A PEARL-SET GOLD AND ENAMEL SNUFF BOX, RÉMOND, LAMY & CO., GENEVA, 1801-1804


rectangular with cut corners, the lid applied with a chased gold tympanum and pillars around a rectangular pearl-framed enamel miniature painted with Father Time paddling a boat containing the allegorical figures of the Four Seasons, the base of the tympanum centred with a chased classical portrait within symmetric architectural foliage, patterned translucent blue enamel base and sides within black and gold borders, maker's mark only


9.6cm., 3¾in. wide

This lot has been withdrawn from the sale.

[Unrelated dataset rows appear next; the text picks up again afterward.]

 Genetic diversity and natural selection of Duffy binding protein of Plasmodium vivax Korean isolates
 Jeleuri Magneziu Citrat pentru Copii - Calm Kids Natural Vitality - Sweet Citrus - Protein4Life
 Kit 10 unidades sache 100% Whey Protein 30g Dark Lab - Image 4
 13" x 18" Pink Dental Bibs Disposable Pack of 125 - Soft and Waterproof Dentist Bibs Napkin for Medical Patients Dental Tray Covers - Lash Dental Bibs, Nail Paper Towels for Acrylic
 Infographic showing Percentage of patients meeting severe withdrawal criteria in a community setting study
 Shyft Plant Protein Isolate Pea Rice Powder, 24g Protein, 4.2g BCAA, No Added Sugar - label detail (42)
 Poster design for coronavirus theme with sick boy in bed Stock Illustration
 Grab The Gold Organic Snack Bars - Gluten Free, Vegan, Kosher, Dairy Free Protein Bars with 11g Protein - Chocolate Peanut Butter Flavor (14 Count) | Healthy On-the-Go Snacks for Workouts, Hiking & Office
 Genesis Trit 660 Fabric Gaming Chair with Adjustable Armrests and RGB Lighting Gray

The Sir David Salomons Collection, cat. no. 176

Vera Bryce Salomons

L.A. Mayer Memorial Institute, Jerusalem, inventory no. BO 16-70

George Daniels & Ohannes Markarian, Watches and Clocks in the Sir David Salomons Collection, 1980, no. 176, p.293

The short-lived informal partnership of Rémond, Lamy & Co. was formed following the dissolution of the Geneva company of Guidon, Rémond, Gide & Co. on 1 January 1801. That company had been registered in 1792 to last for ten years and the termination was followed by a division of the partners who, on the same day, opened on the one hand, Rémond, Lamy & Co. and on the other, Guidon, Gide & Blondet fils, thus dividing the original partners between those of Geneva origin and those who had come from Hanau. We do not know why the successful partnership was not renewed but is evident that the split was not an easy one as their client J.F. Leschot wrote to David Duval, a London entrepreneur, on 2 February 1801 to apologise for the delay in sending him the two promised 'temples' to be sent to China, giving the excuse that ‘these wretched bijoutiers set me back by 6 weeks claiming that the liquidation of their company was causing them big problems and has delayed the prompt execution of my pieces even though not a day goes by without my chasing them vigorously’. (Bibliothèque publique et universitaire, Geneva, ms. suppl. 964, f. 166).


Although the partnership of Rémond, Lamy & Co. only lasted three years, a remarkable number of boxes with their mark survive showing that despite production having been very high, the quality and innovative nature of the boxes was extraordinary with no two identical.